*** Opening of SOURCE MATERIAL ***

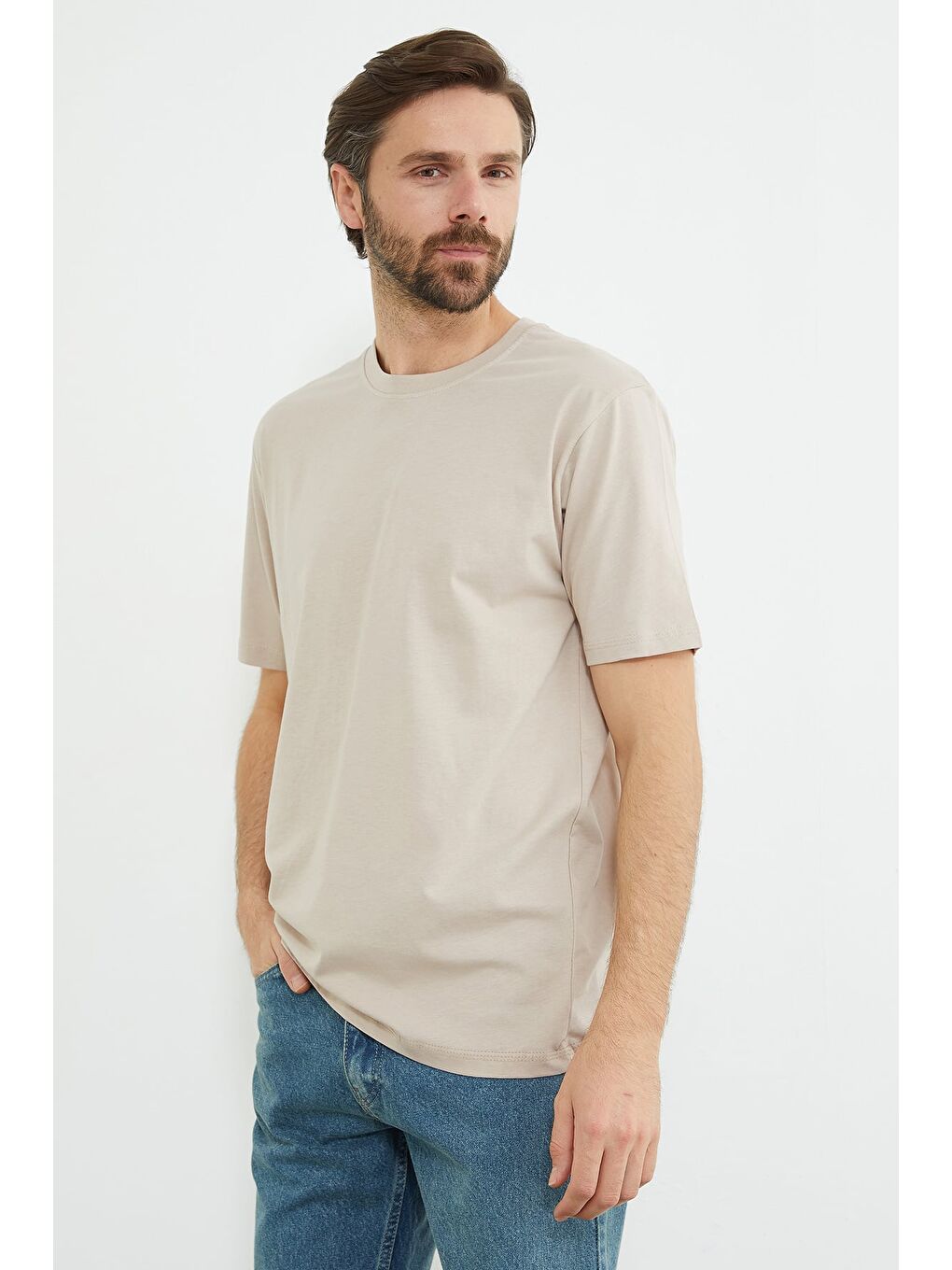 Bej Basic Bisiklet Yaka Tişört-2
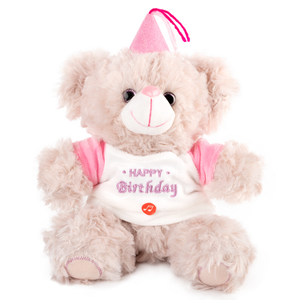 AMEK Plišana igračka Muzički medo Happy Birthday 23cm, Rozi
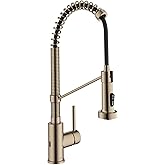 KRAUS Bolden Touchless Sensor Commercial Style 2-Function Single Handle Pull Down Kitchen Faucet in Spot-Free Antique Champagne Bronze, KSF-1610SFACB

*** Close of SOURCE MATERIAL ***
*** Opening of SOURCE MATERIAL ***

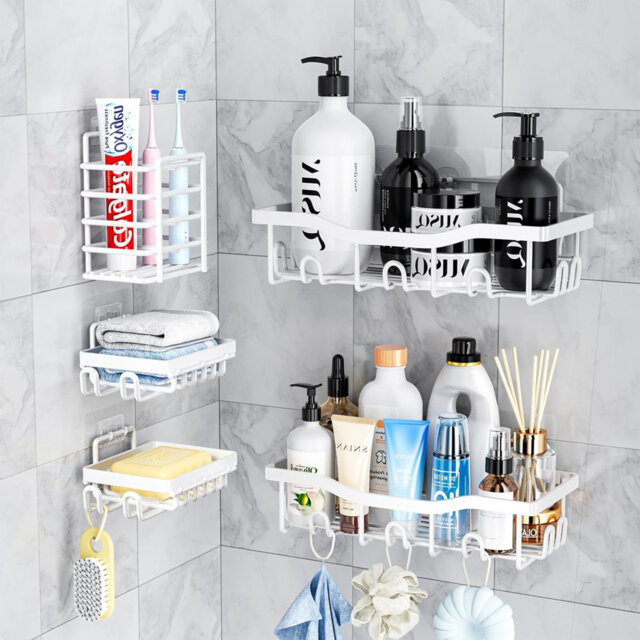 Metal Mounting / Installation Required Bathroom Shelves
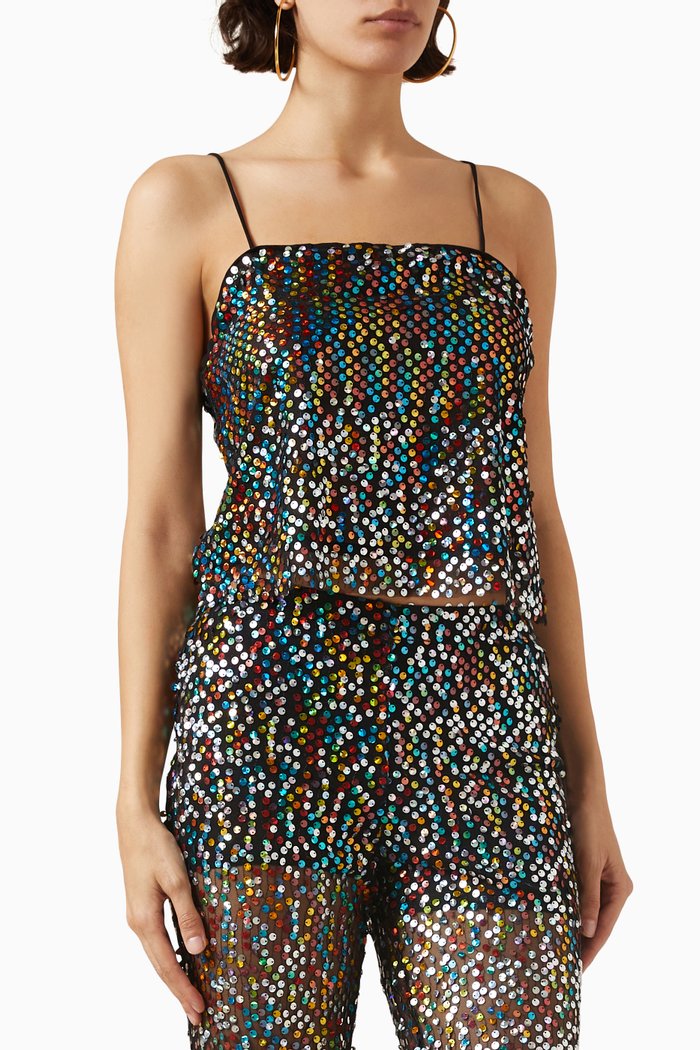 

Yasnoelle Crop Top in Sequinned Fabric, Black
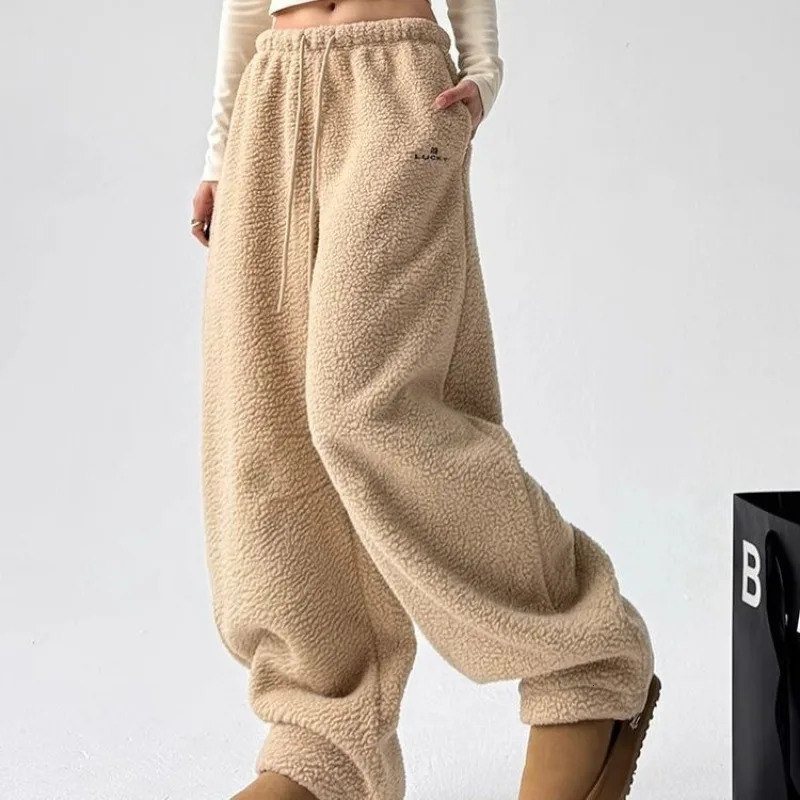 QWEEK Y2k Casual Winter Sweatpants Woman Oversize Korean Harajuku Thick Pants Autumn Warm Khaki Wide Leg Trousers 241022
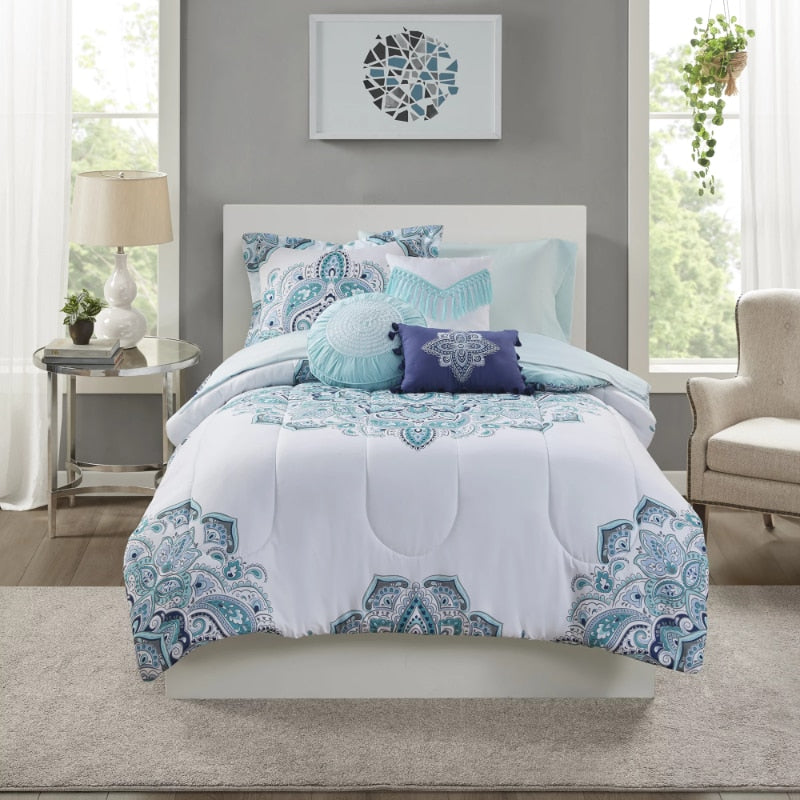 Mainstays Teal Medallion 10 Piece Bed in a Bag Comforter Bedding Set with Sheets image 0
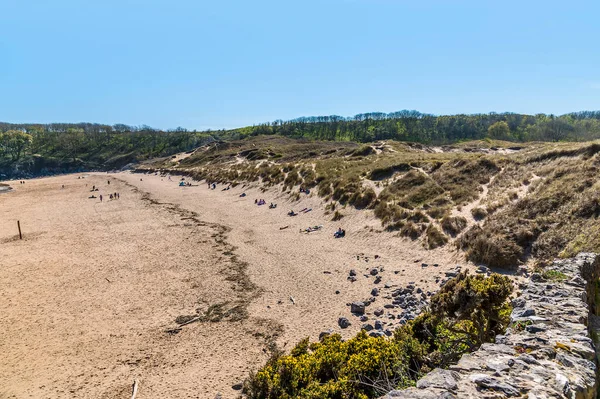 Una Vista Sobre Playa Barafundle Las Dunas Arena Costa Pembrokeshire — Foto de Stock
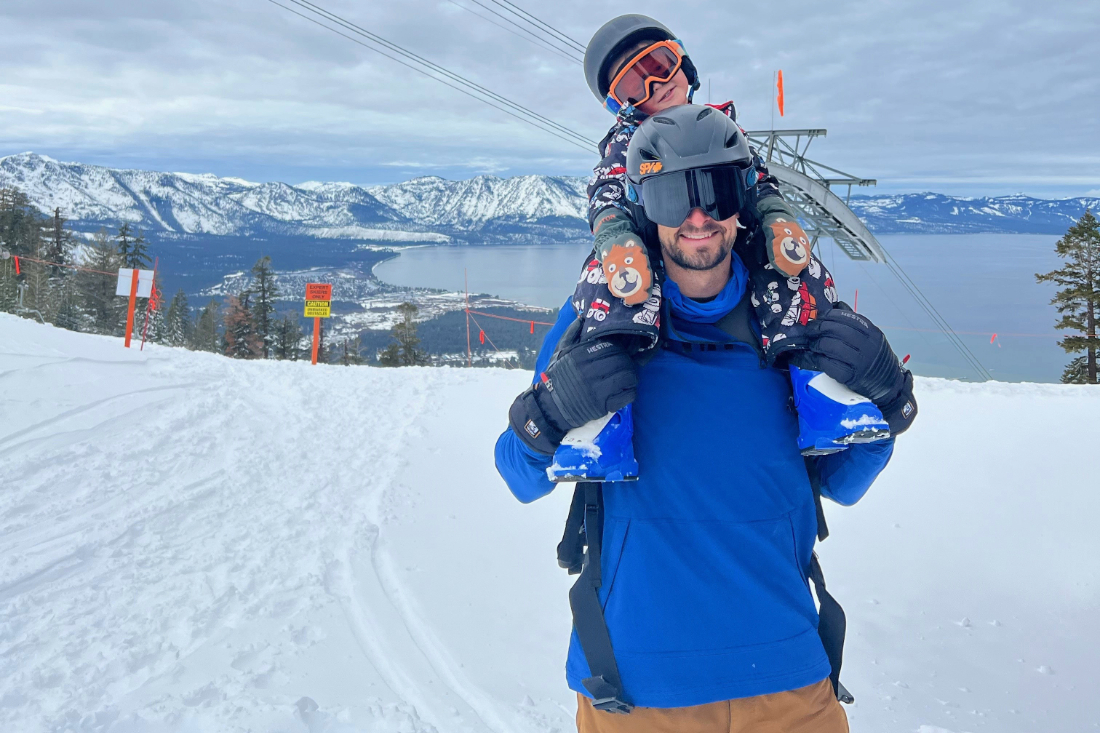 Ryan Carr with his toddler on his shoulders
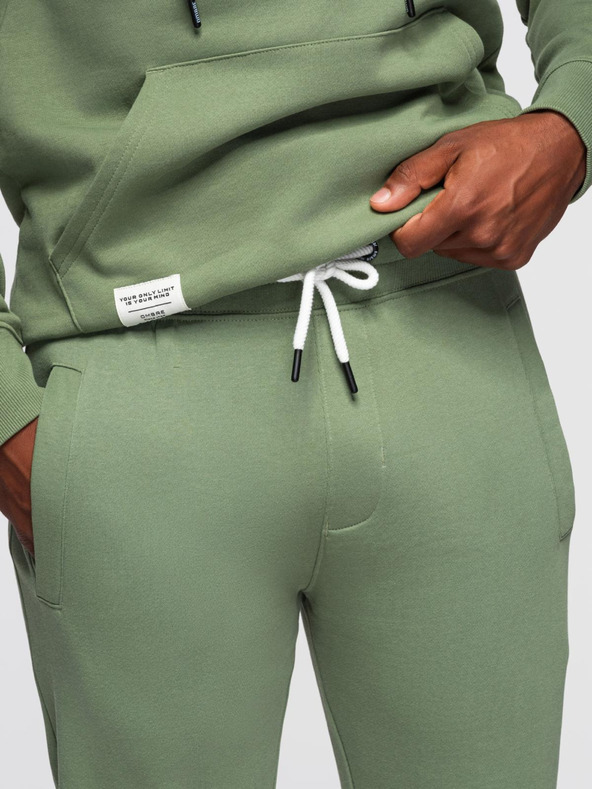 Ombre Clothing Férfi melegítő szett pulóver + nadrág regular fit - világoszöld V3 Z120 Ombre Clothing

*** Close of SOURCE MATERIAL ***
*** Opening of SOURCE MATERIAL ***

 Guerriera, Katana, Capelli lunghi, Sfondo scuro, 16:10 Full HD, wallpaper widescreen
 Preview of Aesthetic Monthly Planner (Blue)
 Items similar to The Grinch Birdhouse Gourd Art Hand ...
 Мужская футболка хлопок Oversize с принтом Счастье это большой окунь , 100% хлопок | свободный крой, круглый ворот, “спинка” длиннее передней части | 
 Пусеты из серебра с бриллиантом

*** Close of SOURCE MATERIAL ***

• PROMPT:
Reproduce the entries exactly, from the line with "Bej Basic Bisiklet Yaka Tişört-2" to the line with "KRAUS Bolden Touchless", both lines included, keeping no pictures.

• ANSWER:
 Bej Basic Bisiklet Yaka Tişört-2
 AMEK Plišana igračka Muzički medo Happy Birthday 23cm, Rozi
 KRAUS Bolden Touchless Sensor Commercial Style 2-Function Single Handle Pull Down Kitchen Faucet in Spot-Free Antique Champagne Bronze, KSF-1610SFACB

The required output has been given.